[Requirement] Transcribe the lines below exactly, beginning with the line that holds "Billbergia pyramidalis Blüte" and ending with the final line, both included. Pictures are to be left out.

[Records supplied]
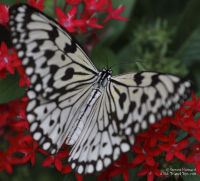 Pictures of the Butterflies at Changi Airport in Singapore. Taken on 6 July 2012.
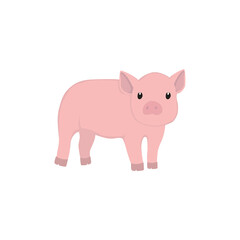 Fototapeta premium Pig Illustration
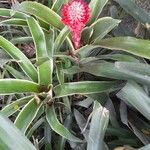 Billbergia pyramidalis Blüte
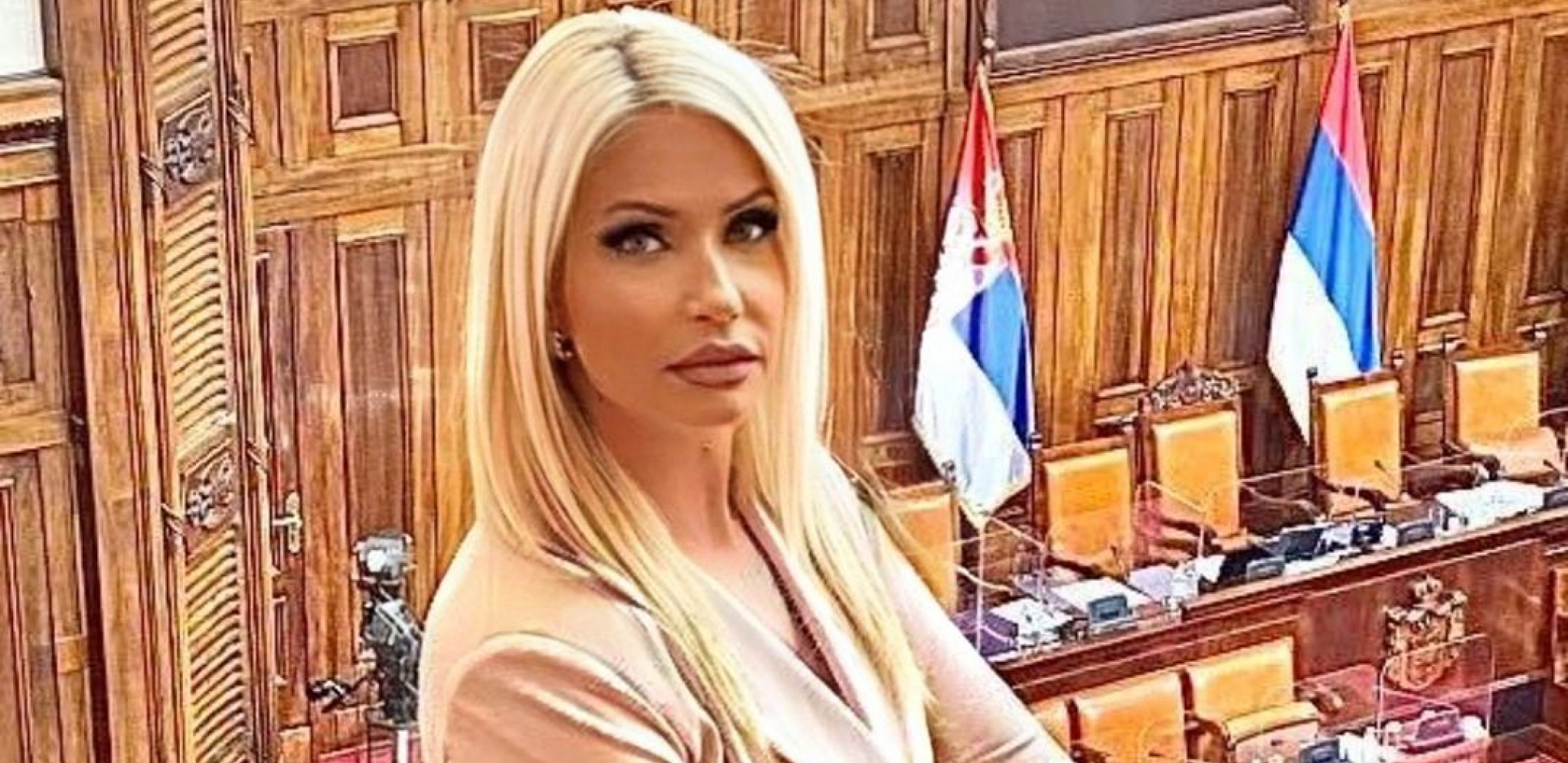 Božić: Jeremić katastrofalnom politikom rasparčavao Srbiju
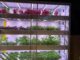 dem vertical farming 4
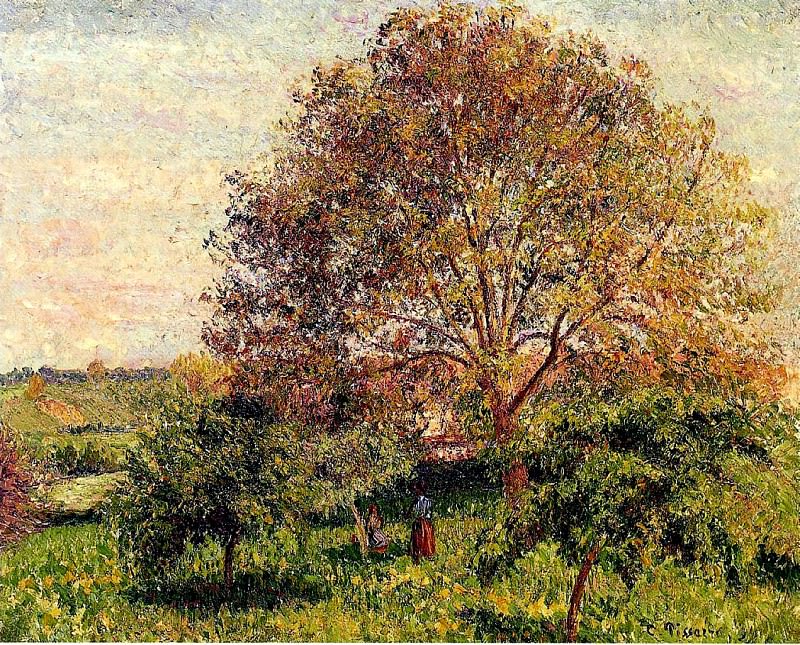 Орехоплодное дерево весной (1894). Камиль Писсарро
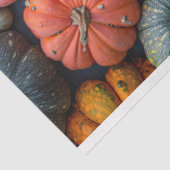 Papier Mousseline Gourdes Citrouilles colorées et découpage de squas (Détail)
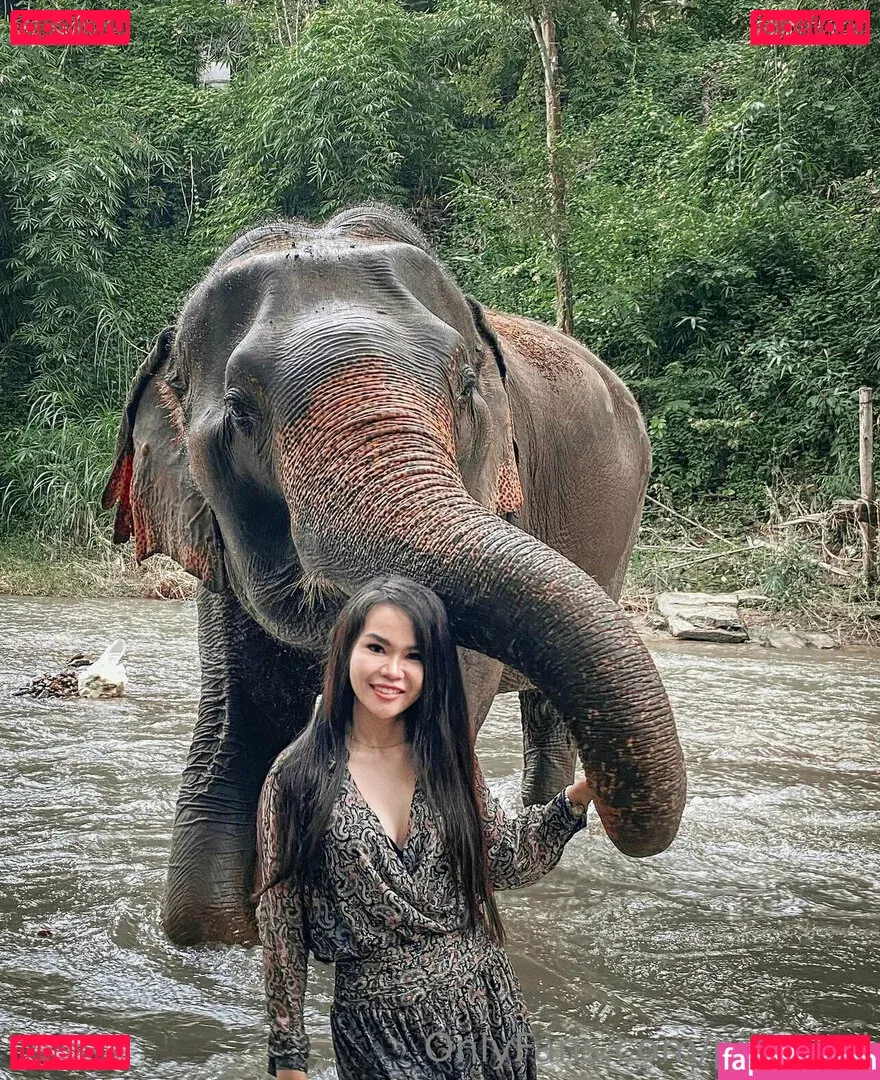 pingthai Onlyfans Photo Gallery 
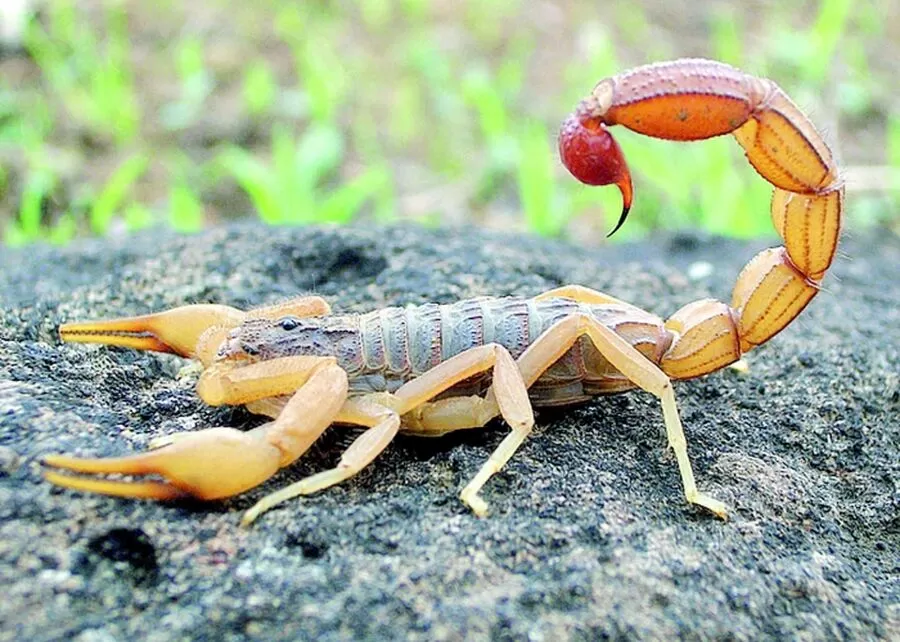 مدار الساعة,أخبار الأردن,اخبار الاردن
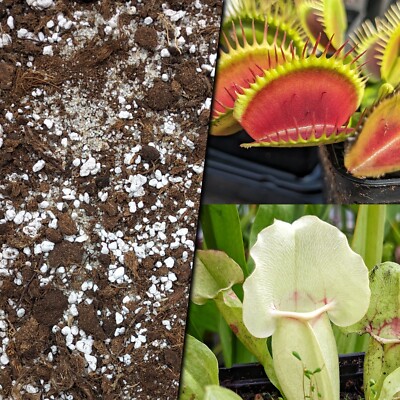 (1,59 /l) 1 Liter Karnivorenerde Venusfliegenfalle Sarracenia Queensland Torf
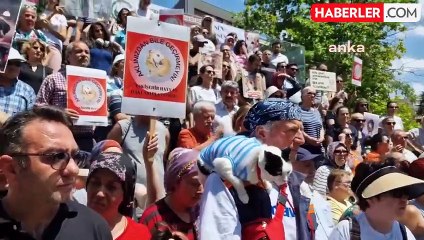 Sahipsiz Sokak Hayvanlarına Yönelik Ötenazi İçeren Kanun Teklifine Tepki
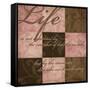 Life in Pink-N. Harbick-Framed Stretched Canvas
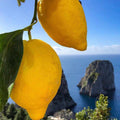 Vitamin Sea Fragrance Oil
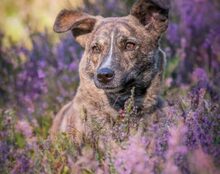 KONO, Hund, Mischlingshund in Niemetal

[Answer to this task]
 Billbergia pyramidalis Blüte
 Božić: Jeremić katastrofalnom politikom rasparčavao Srbiju
 dem vertical farming 4
 Орехоплодное дерево весной (1894). Камиль Писсарро
 Papier Mousseline Gourdes Citrouilles colorées et découpage de squas (Détail)
 pingthai Onlyfans Photo Gallery 
 مدار الساعة,أخبار الأردن,اخبار الاردن
 (1,59 /l) 1 Liter Karnivorenerde Venusfliegenfalle Sarracenia Queensland Torf
 Sahipsiz Sokak Hayvanlarına Yönelik Ötenazi İçeren Kanun Teklifine Tepki
 Life in Pink-N. Harbick-Framed Stretched Canvas
 Vitamin Sea Fragrance Oil
 KONO, Hund, Mischlingshund in Niemetal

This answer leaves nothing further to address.